If Spacebase had been developed in a traditional model, it would have just been a second game cancelled by Double Fine this year that no one got to see. It happens all the time.
I'm not saying people don't have the right to call them out for over-promising and under-performing, but I can understand 100% why Double Fine did everything they did with the project. it's unfortunate, but it happens.
Also on the "they should make a single project instead of multiple project" idea: Double Fine would be no more if they took that advice. Broken Age is already sucking more company resources than was expected. If they went all in on that game, for example, and it flopped, then they would be back where they were when Brutal Legend tanked.
Not putting all their eggs in one basket is how companies the size of Double Fine stay alive. Iron Galaxy, Capybara, Harmonix, TellTale, etc etc These once mid-size developers (or even AAA developers, in Harmonix's case) are surviving by making the most of their employees, by shifting them from team to team when each project is in different stages of production, by hitting a ton of different markets to see what sticks, by working with a wide variety of publishers on certain titles and developers as outsourcing work. This is the new face of the mid-size developer. You're never going to see Double Fine make a new Psychonauts or Harmonix make a new Rock Band unless some publisher gives them a massive budget that will cover the developer's ass if it doesn't sell well (for whatever reason).

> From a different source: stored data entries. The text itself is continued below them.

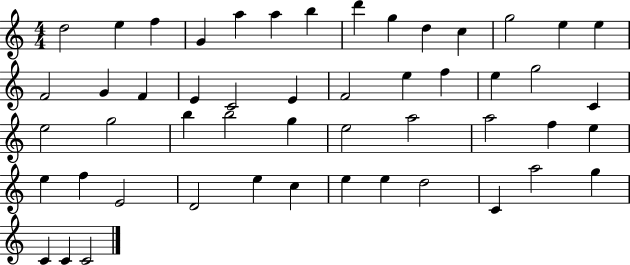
{
  \clef treble
  \numericTimeSignature
  \time 4/4
  \key c \major
  d''2 e''4 f''4 | g'4 a''4 a''4 b''4 | d'''4 g''4 d''4 c''4 | g''2 e''4 e''4 | \break f'2 g'4 f'4 | e'4 c'2 e'4 | f'2 e''4 f''4 | e''4 g''2 c'4 | \break e''2 g''2 | b''4 b''2 g''4 | e''2 a''2 | a''2 f''4 e''4 | \break e''4 f''4 e'2 | d'2 e''4 c''4 | e''4 e''4 d''2 | c'4 a''2 g''4 | \break c'4 c'4 c'2 | \bar "|."
}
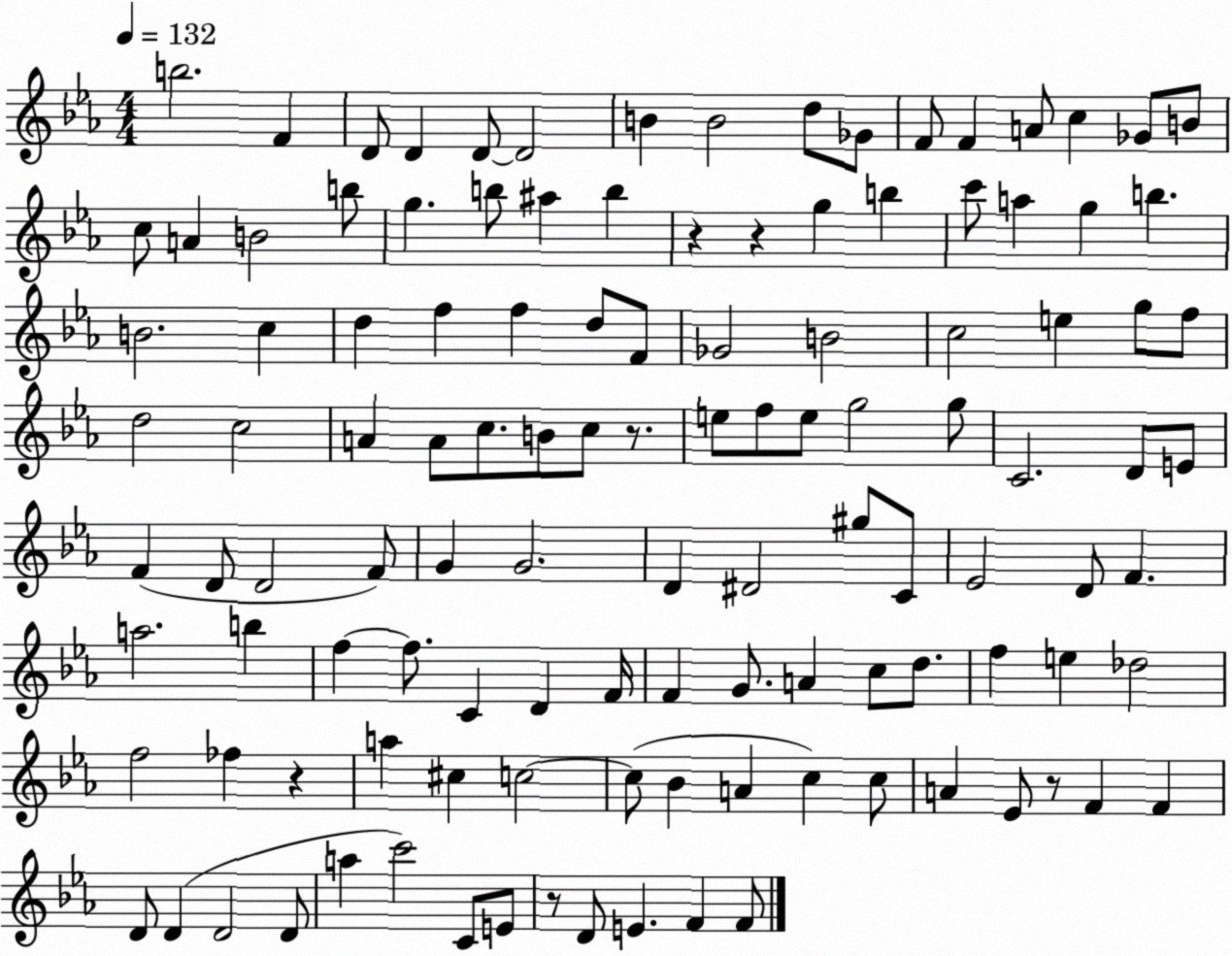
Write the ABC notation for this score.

X:1
T:Untitled
M:4/4
L:1/4
K:Eb
b2 F D/2 D D/2 D2 B B2 d/2 _G/2 F/2 F A/2 c _G/2 B/2 c/2 A B2 b/2 g b/2 ^a b z z g b c'/2 a g b B2 c d f f d/2 F/2 _G2 B2 c2 e g/2 f/2 d2 c2 A A/2 c/2 B/2 c/2 z/2 e/2 f/2 e/2 g2 g/2 C2 D/2 E/2 F D/2 D2 F/2 G G2 D ^D2 ^g/2 C/2 _E2 D/2 F a2 b f f/2 C D F/4 F G/2 A c/2 d/2 f e _d2 f2 _f z a ^c c2 c/2 _B A c c/2 A _E/2 z/2 F F D/2 D D2 D/2 a c'2 C/2 E/2 z/2 D/2 E F F/2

Also, as an aside, Double Fine has been doing good work with their publishing side of their company. All the games they have been helping with have been fantastic and it's a great move to use their resource and fanbase to help much smaller indie devs (and themselves) find success. I don't know how much of a financial success it has been for them, but I think it's a great idea that will work out a lot better than Early Access for them.
A good question would be, why are they still taking money for Spacebase DF-9? I don't know in my eyes that's just stealing at this point, nowhere on Steam is it mentioned that it's put on hold (at least not on the first glance) and they are still having sales and what not. This all seems so wrong and sad it's beyond belief, it's like back in 90's people would be taking $20 bucks for shareware or demo version and never delivering the final product.
Also let's not cover our eyes, there's one or two man developer teams that deliver better, more polished games. It's time to size down for double fine if they can't sustain themselves and ride on peoples backs and their generosity for about 3 years now, or just disappear into obscurity, really, I wont shed tears, sad for the people who would need to look for jobs, but that's how the world works.
All that comes out of Tim are excuses over excuses.